I nodded. ‘It is almost as if they were expecting us,’ I said. Then I thought of something. ‘Pa, do you know what a “shebang” is?’

He nodded. ‘It’s like a rough shelter or hut.’ 

I said, ‘Then I know where they are keeping the rest of the stolen money.’

‘Ye do?’

I nodded. ‘They were talking about it before I threw down on them,’ I said. ‘They have stashed some booty at a place called Grizzly Gulch which I think it is less than a mile from here.’

He said, ‘We had better find it quick.’

I nodded. ‘We still have a few hours of moonlight. If we start now with the horses and the silver, we could get there before the moon sets. Once we have found their shebang we can turn in these two and get the reward. Then I can go back to Chicago with you and be a detective,’ I added.

Pa looked at me with a strange expression. I could not read it. He picked up the champagne bottle that Kepi had been swigging from and took a suck. Then he held it out to me. 

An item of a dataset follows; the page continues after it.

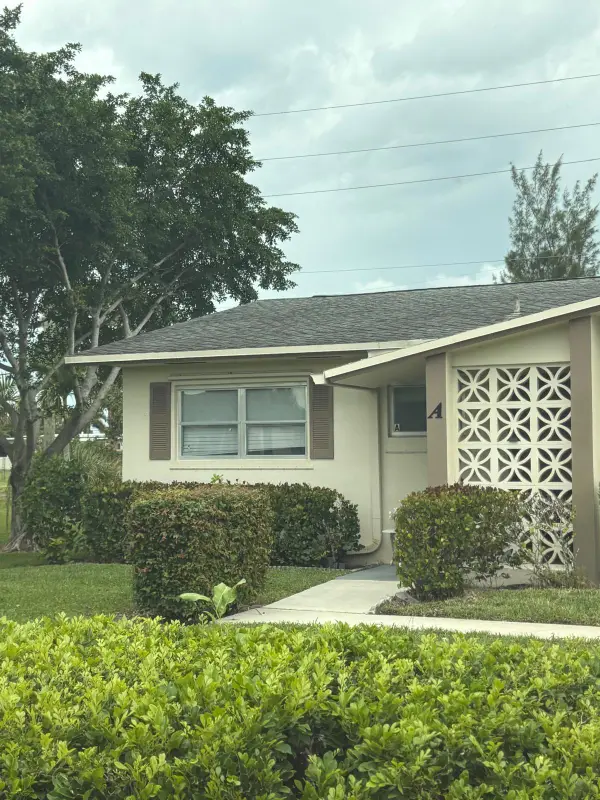 2522 Emory Drive E #A, West Palm Beach, FL 33415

‘Here!’ he said. ‘Dutch courage.’

I said, ‘I got my own courage.’

‘Then drink a toast to us: Pinkerton and Daughter!’

I hesitated. 

‘Go on!’ he said with a wink. ‘Remember? The bubbles mean it ain’t spirituous.’  

I lifted the heavy bottle to my mouth and took a sip. It was warm & sweet & fizzy. It reminded me of the previous night when we had dined & drunk champagne & then danced the Schottische. 

I drank another swallow, then held it out to him. 

‘To Pinkerton and daughter!’ said my Pa, holding the bottle aloft and then taking a drink. ‘Now you say it, too.’ 

I said, ‘To Pinkerton and daughter!’ I took another sip, but I swallowed wrong and it fizzed hotly all the way down to my chest and made me cough. 

He patted me on the back, laughing. 

Suddenly everything felt fine. I was with my pa. We had saved the silver & vanquished the Reb Road Agents & would soon find their stash. Best of all, I was going back to Chicago with Robert Pinkerton as his savior & legally adopted child. 

I held out the bottle to Pa. He swigged the last of the champagne & tossed the bottle into the trees. 

‘Yee-haw!’ he cried. 

‘Yee-haw!’ I agreed. 

Then he stood up & grabbed me & waltzed me round the campfire among the scattered letters. He was humming the tune of the Schottische we had danced to the night before. 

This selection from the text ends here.